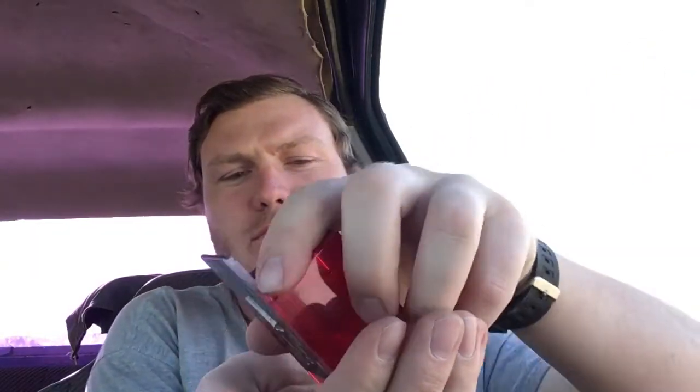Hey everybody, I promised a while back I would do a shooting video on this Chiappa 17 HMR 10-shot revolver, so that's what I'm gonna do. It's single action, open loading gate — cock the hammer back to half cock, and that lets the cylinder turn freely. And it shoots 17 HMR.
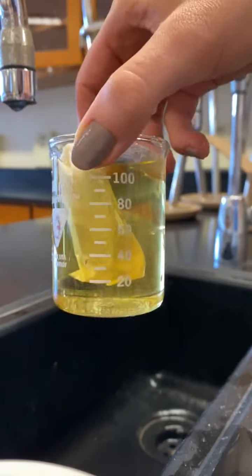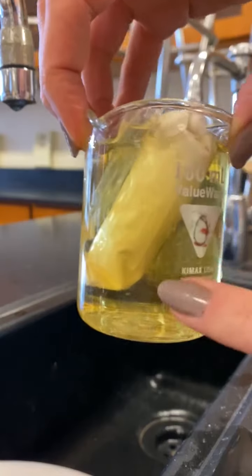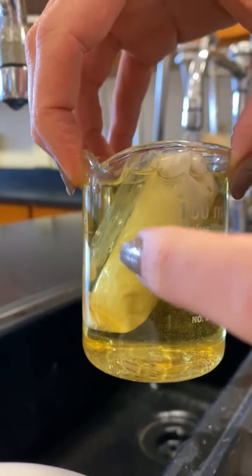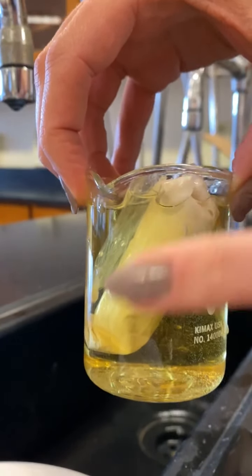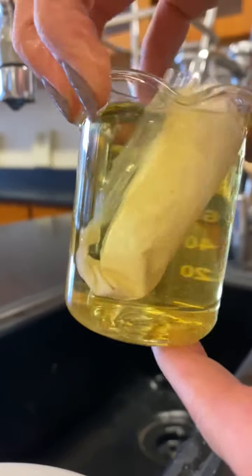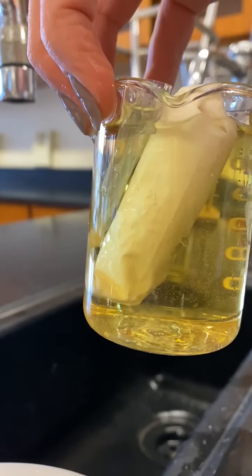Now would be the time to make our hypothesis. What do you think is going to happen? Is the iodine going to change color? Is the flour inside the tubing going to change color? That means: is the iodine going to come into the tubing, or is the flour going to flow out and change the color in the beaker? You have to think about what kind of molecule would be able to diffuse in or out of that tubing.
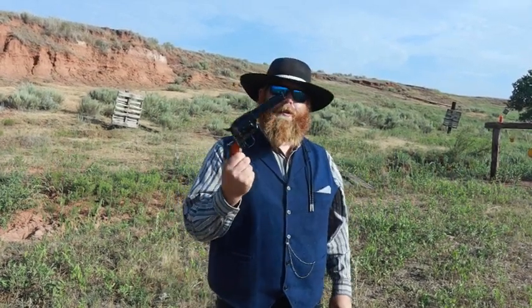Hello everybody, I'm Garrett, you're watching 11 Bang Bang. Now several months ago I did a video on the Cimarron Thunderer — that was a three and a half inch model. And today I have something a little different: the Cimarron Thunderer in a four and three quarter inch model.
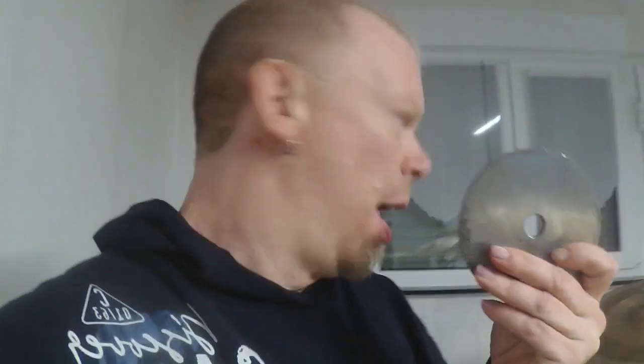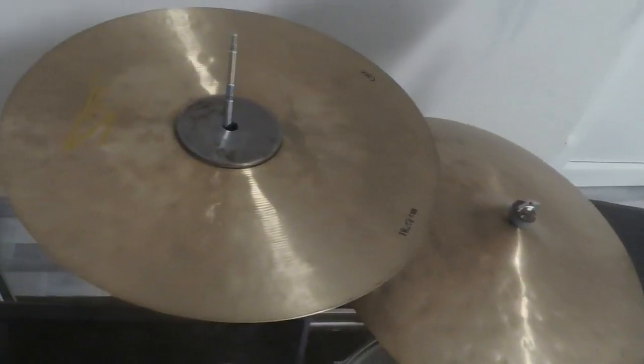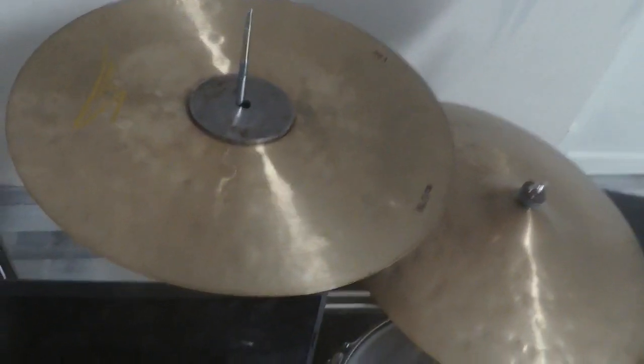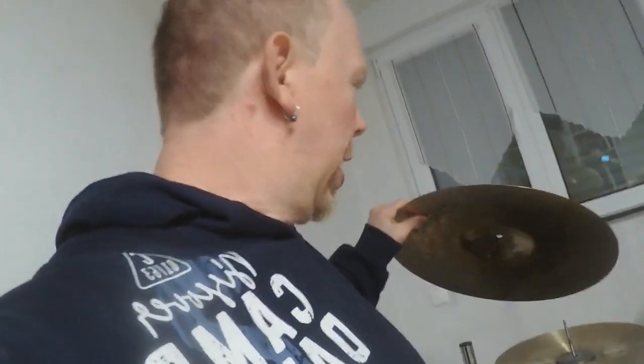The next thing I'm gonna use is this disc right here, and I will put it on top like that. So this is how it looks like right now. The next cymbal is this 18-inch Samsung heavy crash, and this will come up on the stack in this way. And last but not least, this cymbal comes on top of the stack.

--

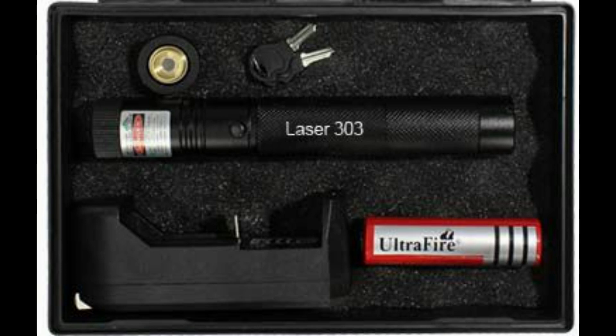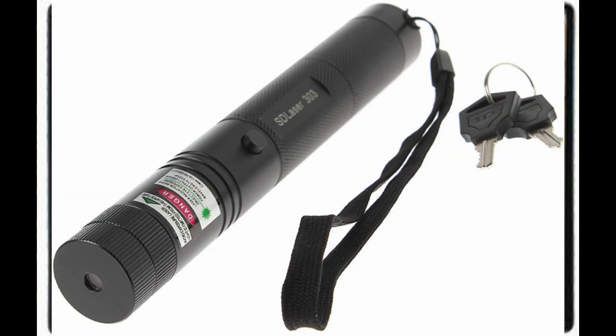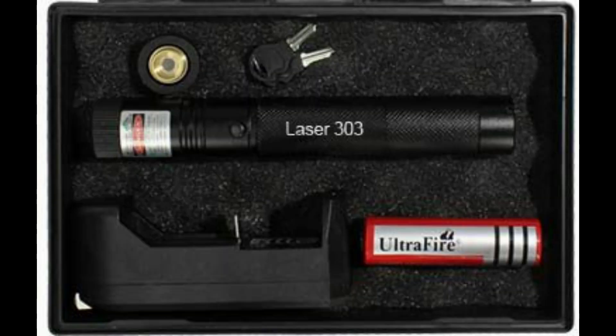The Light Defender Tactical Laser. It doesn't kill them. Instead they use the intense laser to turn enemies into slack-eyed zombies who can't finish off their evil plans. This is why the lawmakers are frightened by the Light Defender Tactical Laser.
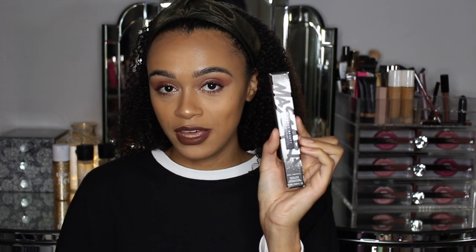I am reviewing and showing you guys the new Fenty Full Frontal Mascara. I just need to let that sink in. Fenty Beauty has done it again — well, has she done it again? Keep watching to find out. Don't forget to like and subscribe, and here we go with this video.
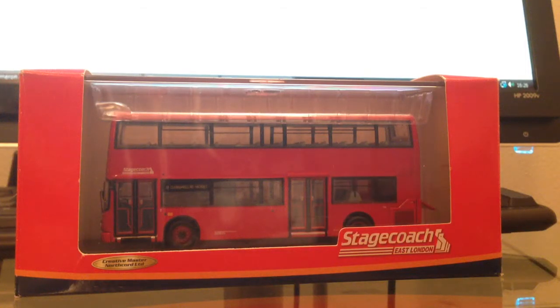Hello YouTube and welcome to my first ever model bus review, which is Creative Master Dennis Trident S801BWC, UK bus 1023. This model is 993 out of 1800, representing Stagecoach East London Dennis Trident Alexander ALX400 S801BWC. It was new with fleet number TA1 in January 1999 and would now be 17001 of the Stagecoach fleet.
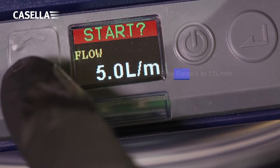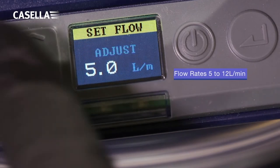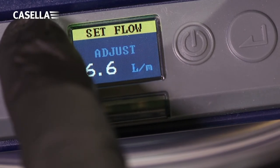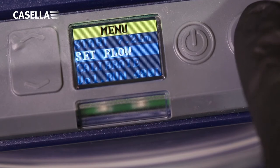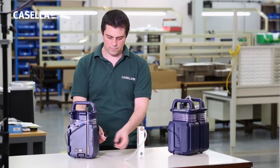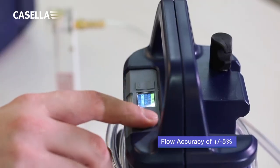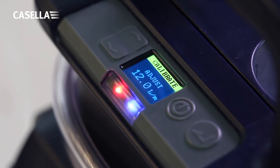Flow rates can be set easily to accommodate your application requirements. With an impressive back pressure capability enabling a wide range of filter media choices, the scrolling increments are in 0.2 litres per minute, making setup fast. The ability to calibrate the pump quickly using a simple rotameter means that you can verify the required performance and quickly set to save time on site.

Your instructions: With the pictures removed from your copy, retype the lines above from the one that contains "Hey everybody, I" through the one that contains "Hello everybody, I'm", exactly.

Problem solution:
Hey everybody, I promised a while back I would do a shooting video on this Chiappa 17 HMR 10-shot revolver, so that's what I'm gonna do. It's single action, open loading gate — cock the hammer back to half cock, and that lets the cylinder turn freely. And it shoots 17 HMR.
Now would be the time to make our hypothesis. What do you think is going to happen? Is the iodine going to change color? Is the flour inside the tubing going to change color? That means: is the iodine going to come into the tubing, or is the flour going to flow out and change the color in the beaker? You have to think about what kind of molecule would be able to diffuse in or out of that tubing.
Hello everybody, I'm Garrett, you're watching 11 Bang Bang. Now several months ago I did a video on the Cimarron Thunderer — that was a three and a half inch model. And today I have something a little different: the Cimarron Thunderer in a four and three quarter inch model.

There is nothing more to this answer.